Figure 2. Overview of the ArnRAB iModulon. (A) Scatter plot of the gene weights for the ArnRAB iModulon. The X-axis represents the genomic location and the Y-axis represents the weight of each gene in the independent component. The dashed lines represent the threshold beyond which genes of the independent component are included in an iModulon. (B) Gene map of archaellum formation operon (Lassak et al., 2013). Known regulatory elements are also listed (Reimann et al., 2012; Lassak et al., 2013; Haurat et al., 2017; Ye et al., 2020). (C) Structural map showcasing individual gene products from the archaellum formation operon and how each gene product integrates to form these archaeal motility pili (Beeby et al., 2020; Tsai et al., 2020). Note that the S-layer, which typically consists of SlaA (the stalk) and SlaB (the cap) is not fully shown. The stalks in particular are not displayed to highlight the structural organization of the archaellum operon proteins. (D) Bar plot depicting the ArnRAB iModulon activity over time in nutrient-limiting conditions. Bars represent averages and points represent individual replicate samples. All activity levels are relative to a chosen control condition (0 min after nutrient limitation in this case).

The FadR iModulon Successfully Captures Its Corresponding Gene Cluster

The FadR iModulon represents another case study that demonstrates the ability of ICA to extract co-regulated gene clusters from archaeal RNA-seq compendia. This iModulon (Supplementary Figure 2) consists of 19 genes in the FadRSa gene cluster (Saci_1103 to Saci_1122) (Wang et al., 2019), excluding fadR itself (Saci_1107), as well as six additional genes not present in the regulon.

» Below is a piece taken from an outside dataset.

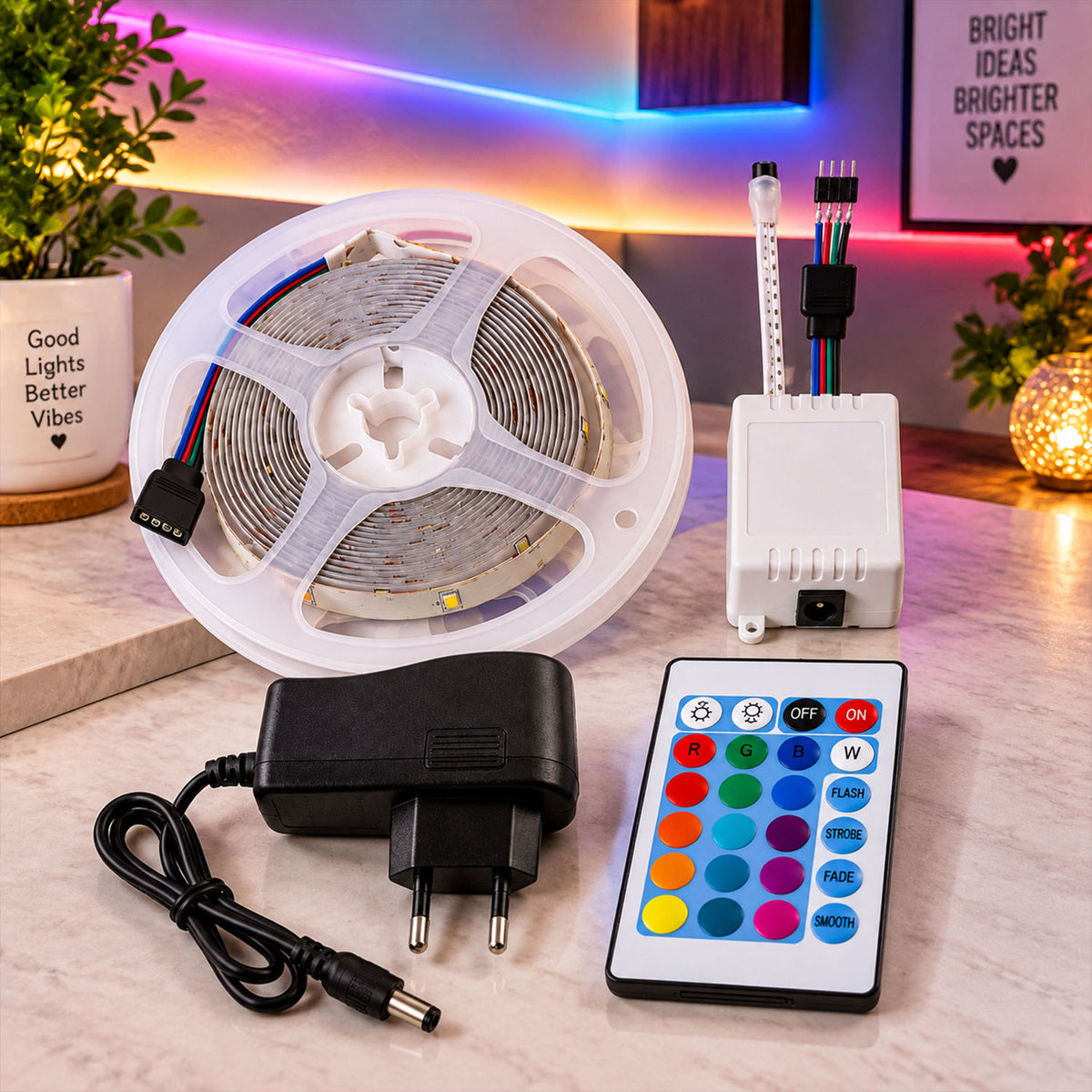 RGB LED Strip Light with Remote and Adapter for Room Decor (1 Set, 3.4 Mtr)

However, the iModulon is missing five genes found in the regulon: fadR and Saci_1123 to Saci_1126. The absence of fadR in this iModulon is explained by the fact that fadR is contained in its own single-gene iModulon, which captures the FadR knockout condition (FadR-KO). The remaining four genes are regulated by FadRSa as it binds near Saci_1123. However, the confirmed FadR-binding region for this section of the gene cluster is known to be much weaker (Wang et al., 2019), which could result in a weaker signal that could not be detected in this dataset. It is worth noting, however, that Saci_1126 is just below the statistical threshold for enrichment in the FadR iModulon (0.079 vs. 0.08). There are also six new genes in the FadR iModulon that are not in the currently known regulon (Supplementary Figure 2). All six genes are functionally uncharacterized, with the exception of Saci_1992; this gene is a CRISPR-associated TF (Benninghoff et al., 2021). Five of these genes have negative gene weights, which means that their expression is anti-correlated with the expression of the FadRSa gene cluster. In this example, the differences between the regulon and iModulon capture differences in binding strength that have been identified previously, as well as propose new putative FadR-regulated genes.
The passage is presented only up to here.